Corn Butter
 
 
Ingredients
  • 8 ears sweet corn, shucked
  • Butter and salt, to taste (optional)
Instructions
  1. Cut off kernels: Use a chef's knife to cut the kernels from each ear. To wrangle the kernels, arrange towels around the cutting board and cut the corn in the center of the circle. Or balance the ear in the center of a Bundt pan and cut. Or lay the ear on its side and slice the kernels off with a sturdy chef’s knife. 8 ears of corn will yield 4 to 5 cups of kernels.
  2. Place the kernels in a blender or food processor, and blend them on the highest speed for about 2 minutes.
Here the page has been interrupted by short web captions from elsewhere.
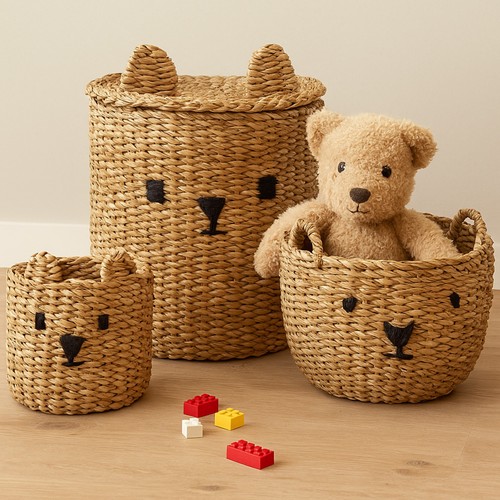 Teddy bear storage - teddy, baskets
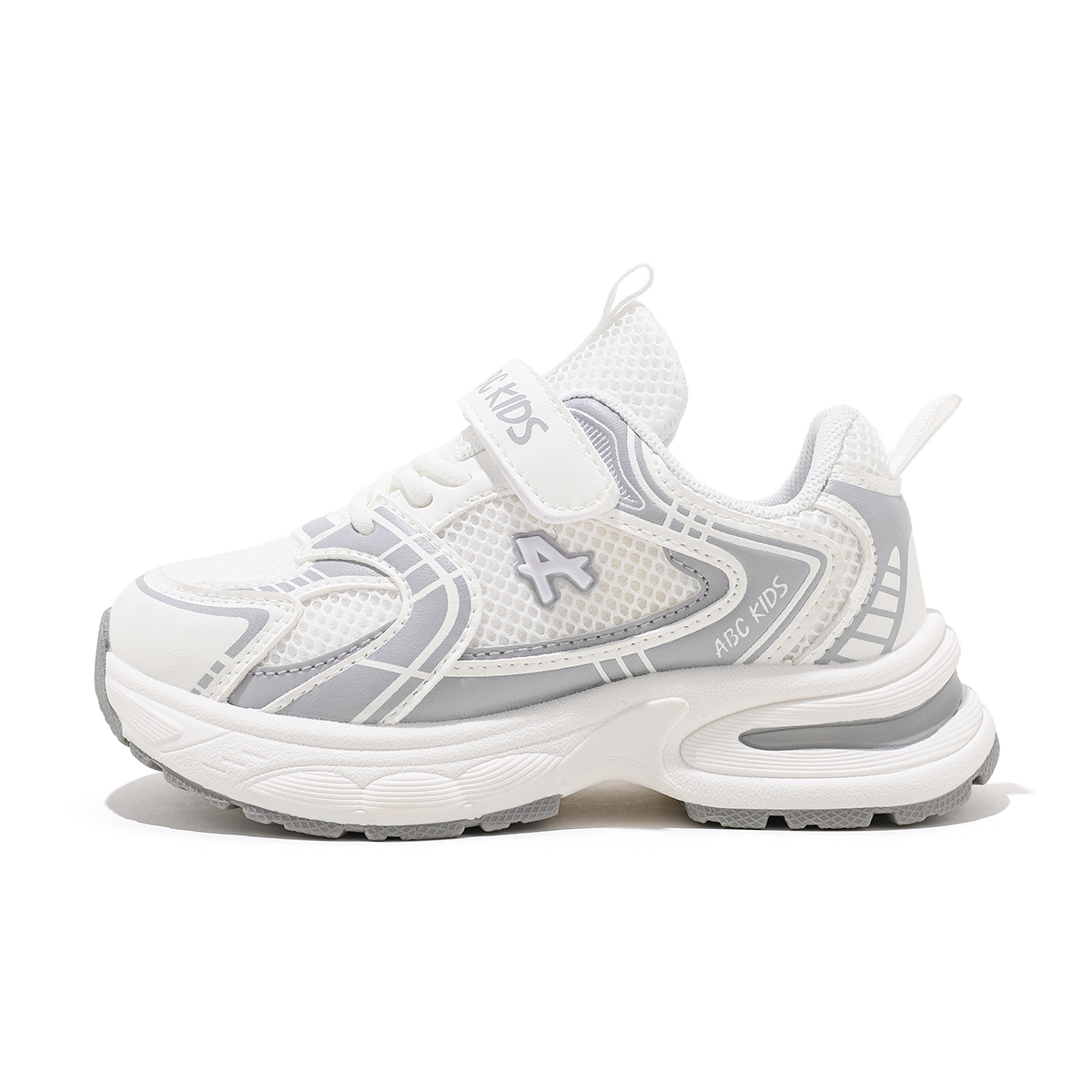 Низкие детские кроссовки для бега ABC KIDS, белый/серый
Низкие детские кроссовки для бега ABC KIDS, белый/серый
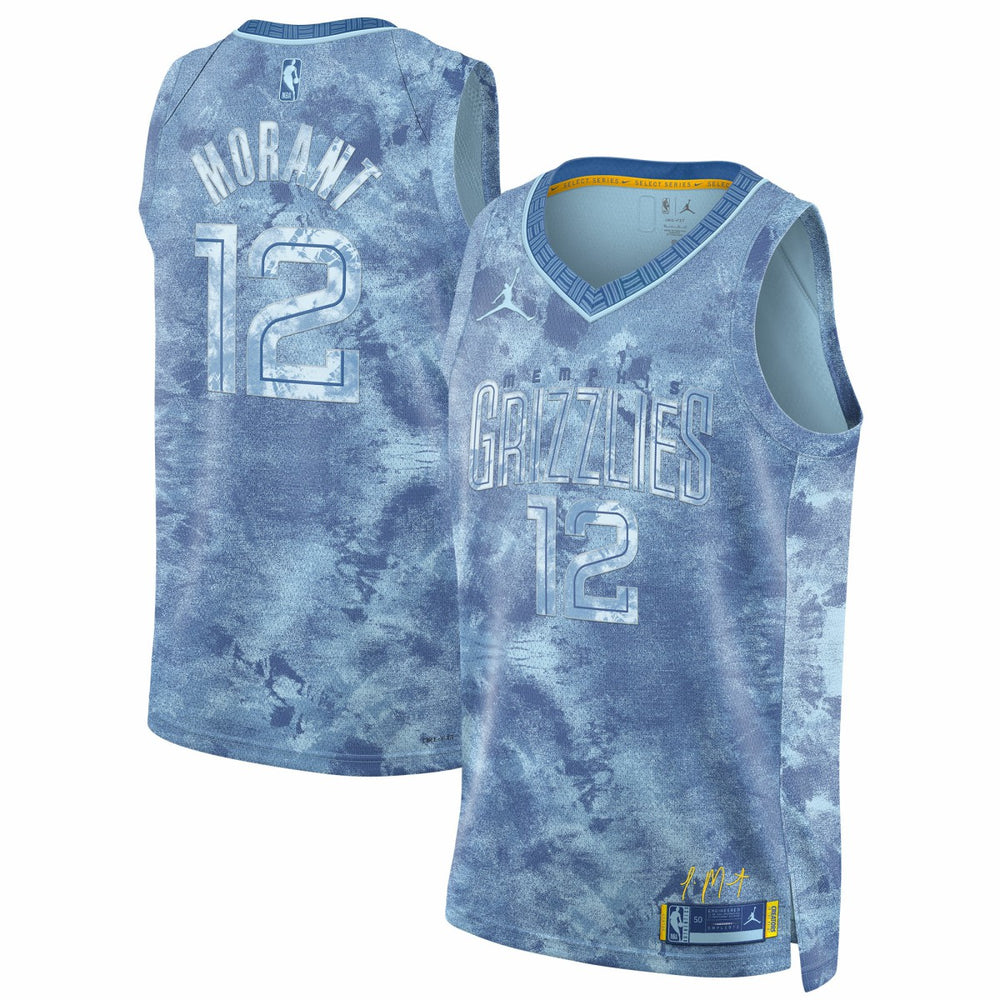 Ja Morant Memphis Grizzlies Jordan Brand Select Series Swingman Jersey Light Blue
Once the kernels are blended into a smooth puree, pass the puree through a strainer with a rubber spatula. This should yield about 2 cups of “corn juice,” but the exact measurement isn’t important.
  3. Pour the juice into a medium saucepan. Heat the juice over medium heat, whisking constantly. Continue whisking until the mixture begins to thicken and the frothy bubbles begin to disappear - the original recipe stated 4 minutes, but mine took closer to 7-8, so you’re mileage may vary. . When the mixture is thick and bubbling, whisk and cook for about 30 seconds more. Remove from the heat.
  4. Taste it—and look for sweet, smooth, earthy, and buttery. If you want, add a few pinches of salt and pats of butter. The corn butter will keep for about 3 to 5 days in the fridge.